# Classification using Haberman's Survival Data Set

This is a reimplementation of the K-Nearest Neighbors algorithm using plain Python.

In my opinion it is important to understand the "low level", not just the abstraction.

Data Set: [Haberman's Survival Data Set](https://archive.ics.uci.edu/ml/datasets/Haberman%27s+Survival)

In [1]:
import math # import math module

In [2]:
data = [] # creat empty Data list

##### Import the data and append it to the list 

[age_of_the_patient, year_of_operation, number_of_nodes_detected, survival_status]

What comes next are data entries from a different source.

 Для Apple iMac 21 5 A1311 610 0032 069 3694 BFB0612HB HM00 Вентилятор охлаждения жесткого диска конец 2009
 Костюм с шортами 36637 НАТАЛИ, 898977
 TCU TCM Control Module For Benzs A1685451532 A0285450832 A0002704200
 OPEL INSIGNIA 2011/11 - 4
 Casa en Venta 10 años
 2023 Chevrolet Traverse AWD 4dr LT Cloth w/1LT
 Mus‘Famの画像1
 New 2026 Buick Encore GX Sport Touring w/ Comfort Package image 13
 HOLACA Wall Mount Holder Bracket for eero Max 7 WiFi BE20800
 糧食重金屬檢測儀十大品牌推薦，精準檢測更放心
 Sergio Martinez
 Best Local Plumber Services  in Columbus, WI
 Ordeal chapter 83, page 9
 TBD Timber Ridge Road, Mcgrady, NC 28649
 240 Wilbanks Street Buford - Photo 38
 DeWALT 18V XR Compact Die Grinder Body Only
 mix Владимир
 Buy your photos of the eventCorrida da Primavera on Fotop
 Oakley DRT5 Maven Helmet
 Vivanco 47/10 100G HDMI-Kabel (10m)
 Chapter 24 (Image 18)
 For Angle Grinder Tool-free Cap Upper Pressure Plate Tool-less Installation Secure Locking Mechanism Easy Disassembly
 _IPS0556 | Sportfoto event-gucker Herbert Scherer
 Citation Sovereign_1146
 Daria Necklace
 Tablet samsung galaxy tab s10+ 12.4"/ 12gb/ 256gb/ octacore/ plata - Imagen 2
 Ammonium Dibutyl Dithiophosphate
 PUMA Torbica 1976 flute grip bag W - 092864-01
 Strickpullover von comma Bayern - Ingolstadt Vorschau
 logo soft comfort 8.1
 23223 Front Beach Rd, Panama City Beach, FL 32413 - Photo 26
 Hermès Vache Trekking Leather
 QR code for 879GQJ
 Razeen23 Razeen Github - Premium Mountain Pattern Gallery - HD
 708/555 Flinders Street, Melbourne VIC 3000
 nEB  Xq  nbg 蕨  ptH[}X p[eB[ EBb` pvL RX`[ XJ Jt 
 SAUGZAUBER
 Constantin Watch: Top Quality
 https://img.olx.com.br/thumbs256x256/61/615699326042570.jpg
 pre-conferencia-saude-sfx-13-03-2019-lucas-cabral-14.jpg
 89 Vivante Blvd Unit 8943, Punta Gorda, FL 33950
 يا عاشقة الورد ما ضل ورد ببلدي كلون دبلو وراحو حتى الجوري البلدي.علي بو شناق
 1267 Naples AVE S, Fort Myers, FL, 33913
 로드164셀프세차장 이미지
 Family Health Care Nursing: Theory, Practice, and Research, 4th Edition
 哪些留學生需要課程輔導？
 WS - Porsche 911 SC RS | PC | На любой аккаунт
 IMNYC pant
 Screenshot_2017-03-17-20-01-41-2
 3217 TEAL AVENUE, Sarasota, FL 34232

Check the data set's link above for more details

In [3]:
with open('dataset.data', 'r') as f: # Open the existing file for reading.
    for line in f.readlines(): # readlines() reads all lines in the file and returns each line to a list of elements 
                                # 'line' is String variable
        atributes = line.strip('\n').split(',') # strip() is to remove \n present at both ends of the string
                                                # and, split() distribute the string based on ',' 
        data.append([int(x) for x in atributes]) # change String to Integer , append integer type data to 'data' list

##### Auxiliary function to help the visualization
Also returns key information of the data set

In [4]:
def info_dataset(data, verbose=True): # created info_dataset() that receives data and verbose as input.
                                       # Always execute if statement by setting 'verbose' to 'True'
    label1, label2 = 0, 0  # initialize label1 & label2 to 0
    data_size = len(data)  # Set data_size to the size of the list.
    for datum in data:     # By rotating the repetition
                           # Enter the value of the list (data) as the variable datum 
        if datum[-1] == 1: # if datum's last value is 1 
            label1 += 1    # 1 Add to label1 
        else:              # if datum's last value is not 1 
            label2 += 1    # 1 Add to label2
    if verbose: 
        # String formatting
        print('Total of samples: %d' % data_size) # Print String After entering 'data_size' in '%d' position
        print('Total label 1: %d' % label1)       # Print String After entering 'label1' in '%d' position
        print('Total label 2: %d' % label2)       # Print String After entering 'label2' in '%d' position
    return [len(data), label1, label2]  # [len(data), label1, label2] return in order.

In [5]:
info_dataset(data) # execute info_dataset function about 'data'

##### Define the train/total percentage

In [6]:
p = 0.6
# set the percentage to 0.6
_, label1, label2 = info_dataset(data,False)
# The meaning of '_' written here means that you want to ignore the value.# In 'info_dataset(data)', ignore 'len(data)' of the return value and assign only label1 and label2.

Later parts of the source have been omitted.